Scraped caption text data
=== Section Start ===
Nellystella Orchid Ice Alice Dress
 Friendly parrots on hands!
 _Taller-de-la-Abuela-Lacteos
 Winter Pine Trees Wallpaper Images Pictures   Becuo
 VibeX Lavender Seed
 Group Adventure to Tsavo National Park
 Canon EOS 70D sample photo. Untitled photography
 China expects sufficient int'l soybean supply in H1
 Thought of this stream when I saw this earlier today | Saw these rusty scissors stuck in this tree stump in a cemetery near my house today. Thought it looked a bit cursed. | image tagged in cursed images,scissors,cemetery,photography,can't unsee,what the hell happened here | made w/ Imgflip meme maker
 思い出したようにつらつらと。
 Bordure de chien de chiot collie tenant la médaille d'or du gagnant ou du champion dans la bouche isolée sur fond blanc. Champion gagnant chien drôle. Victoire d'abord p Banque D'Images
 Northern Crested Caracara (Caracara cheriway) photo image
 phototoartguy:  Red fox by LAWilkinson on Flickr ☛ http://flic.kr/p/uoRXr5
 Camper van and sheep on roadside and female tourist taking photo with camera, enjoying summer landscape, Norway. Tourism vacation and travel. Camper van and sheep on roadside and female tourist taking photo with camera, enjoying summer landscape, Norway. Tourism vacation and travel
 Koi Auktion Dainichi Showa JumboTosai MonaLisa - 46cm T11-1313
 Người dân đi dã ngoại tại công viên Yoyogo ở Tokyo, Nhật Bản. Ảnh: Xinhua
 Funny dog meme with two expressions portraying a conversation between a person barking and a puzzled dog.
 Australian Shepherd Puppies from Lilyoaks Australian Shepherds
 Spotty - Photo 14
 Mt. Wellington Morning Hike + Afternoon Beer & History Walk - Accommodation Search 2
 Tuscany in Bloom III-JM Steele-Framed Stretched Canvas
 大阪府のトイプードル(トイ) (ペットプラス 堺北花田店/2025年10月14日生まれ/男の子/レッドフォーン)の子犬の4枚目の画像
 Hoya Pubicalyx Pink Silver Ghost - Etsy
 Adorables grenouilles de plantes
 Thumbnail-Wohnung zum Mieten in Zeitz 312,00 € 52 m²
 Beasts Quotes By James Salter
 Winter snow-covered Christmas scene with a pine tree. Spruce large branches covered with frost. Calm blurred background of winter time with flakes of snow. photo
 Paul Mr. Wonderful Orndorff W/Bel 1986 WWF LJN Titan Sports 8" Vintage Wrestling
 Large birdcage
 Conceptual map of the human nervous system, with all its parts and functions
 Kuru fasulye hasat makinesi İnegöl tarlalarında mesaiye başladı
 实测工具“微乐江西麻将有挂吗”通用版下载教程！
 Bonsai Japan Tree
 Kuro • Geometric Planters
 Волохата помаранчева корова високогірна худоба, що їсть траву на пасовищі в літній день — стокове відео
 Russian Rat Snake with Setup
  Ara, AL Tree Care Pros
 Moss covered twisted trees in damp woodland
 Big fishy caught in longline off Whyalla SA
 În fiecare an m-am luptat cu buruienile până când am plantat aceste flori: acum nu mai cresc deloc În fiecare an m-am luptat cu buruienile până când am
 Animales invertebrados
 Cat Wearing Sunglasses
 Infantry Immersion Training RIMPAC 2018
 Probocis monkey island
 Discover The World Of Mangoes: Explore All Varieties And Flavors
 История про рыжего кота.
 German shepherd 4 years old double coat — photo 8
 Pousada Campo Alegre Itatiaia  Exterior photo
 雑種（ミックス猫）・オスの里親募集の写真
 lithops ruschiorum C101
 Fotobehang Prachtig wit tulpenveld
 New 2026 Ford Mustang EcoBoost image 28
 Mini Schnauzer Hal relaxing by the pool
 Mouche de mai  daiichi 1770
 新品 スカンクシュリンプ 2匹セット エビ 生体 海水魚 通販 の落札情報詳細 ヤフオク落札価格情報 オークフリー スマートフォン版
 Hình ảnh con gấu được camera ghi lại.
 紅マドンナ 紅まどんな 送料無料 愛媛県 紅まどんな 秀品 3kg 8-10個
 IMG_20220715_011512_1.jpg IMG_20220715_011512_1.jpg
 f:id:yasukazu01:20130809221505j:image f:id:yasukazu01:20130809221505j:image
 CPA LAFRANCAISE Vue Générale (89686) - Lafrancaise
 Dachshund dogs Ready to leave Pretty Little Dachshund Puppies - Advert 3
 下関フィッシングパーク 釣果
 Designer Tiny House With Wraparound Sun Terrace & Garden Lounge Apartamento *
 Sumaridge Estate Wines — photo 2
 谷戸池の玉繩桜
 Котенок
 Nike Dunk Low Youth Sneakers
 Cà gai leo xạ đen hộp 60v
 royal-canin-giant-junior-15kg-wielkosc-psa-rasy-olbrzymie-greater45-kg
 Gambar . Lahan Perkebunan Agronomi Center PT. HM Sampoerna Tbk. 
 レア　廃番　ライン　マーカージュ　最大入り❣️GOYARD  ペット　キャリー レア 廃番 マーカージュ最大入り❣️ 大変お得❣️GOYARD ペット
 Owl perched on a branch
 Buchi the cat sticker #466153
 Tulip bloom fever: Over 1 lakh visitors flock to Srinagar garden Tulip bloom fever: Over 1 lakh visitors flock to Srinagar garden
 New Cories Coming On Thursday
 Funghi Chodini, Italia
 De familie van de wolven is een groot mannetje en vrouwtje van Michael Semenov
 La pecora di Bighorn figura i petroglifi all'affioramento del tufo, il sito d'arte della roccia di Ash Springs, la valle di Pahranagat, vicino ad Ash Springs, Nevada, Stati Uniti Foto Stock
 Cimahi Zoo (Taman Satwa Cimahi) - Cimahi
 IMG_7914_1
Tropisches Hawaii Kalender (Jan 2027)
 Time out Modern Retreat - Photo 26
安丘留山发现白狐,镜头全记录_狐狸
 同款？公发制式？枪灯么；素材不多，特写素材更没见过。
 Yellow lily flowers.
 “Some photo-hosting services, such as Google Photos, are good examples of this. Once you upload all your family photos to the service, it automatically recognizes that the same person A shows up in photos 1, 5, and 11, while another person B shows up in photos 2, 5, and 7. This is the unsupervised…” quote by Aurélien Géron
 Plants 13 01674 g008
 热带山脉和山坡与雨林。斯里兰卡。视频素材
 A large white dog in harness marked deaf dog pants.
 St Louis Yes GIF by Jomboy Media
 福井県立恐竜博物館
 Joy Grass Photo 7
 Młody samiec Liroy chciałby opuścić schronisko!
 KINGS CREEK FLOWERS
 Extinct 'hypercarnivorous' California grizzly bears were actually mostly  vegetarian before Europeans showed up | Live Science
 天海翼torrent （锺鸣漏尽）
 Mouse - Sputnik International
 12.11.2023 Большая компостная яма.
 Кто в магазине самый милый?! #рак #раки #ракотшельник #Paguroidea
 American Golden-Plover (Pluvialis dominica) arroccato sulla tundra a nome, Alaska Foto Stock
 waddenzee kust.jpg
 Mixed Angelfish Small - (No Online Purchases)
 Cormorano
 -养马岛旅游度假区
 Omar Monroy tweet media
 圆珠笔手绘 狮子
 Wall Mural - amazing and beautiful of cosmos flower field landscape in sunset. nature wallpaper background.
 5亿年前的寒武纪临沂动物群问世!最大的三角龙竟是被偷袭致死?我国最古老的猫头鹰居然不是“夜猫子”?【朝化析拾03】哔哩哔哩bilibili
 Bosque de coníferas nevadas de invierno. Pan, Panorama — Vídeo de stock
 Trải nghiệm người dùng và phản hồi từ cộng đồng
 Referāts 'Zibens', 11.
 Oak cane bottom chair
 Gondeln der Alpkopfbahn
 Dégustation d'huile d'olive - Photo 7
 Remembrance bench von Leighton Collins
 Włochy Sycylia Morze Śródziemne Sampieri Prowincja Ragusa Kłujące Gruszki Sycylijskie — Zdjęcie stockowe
=== Section End ===
WHAT NEEDS TO BE DONE:
Using only the entries above, output the line with "Funny dog meme", the line with "Hoya Pubicalyx Pink Silver Ghost - Etsy", and all lines between them, exactly as they stand.

ANSWER BELOW:
 Funny dog meme with two expressions portraying a conversation between a person barking and a puzzled dog.
 Australian Shepherd Puppies from Lilyoaks Australian Shepherds
 Spotty - Photo 14
 Mt. Wellington Morning Hike + Afternoon Beer & History Walk - Accommodation Search 2
 Tuscany in Bloom III-JM Steele-Framed Stretched Canvas
 大阪府のトイプードル(トイ) (ペットプラス 堺北花田店/2025年10月14日生まれ/男の子/レッドフォーン)の子犬の4枚目の画像
 Hoya Pubicalyx Pink Silver Ghost - Etsy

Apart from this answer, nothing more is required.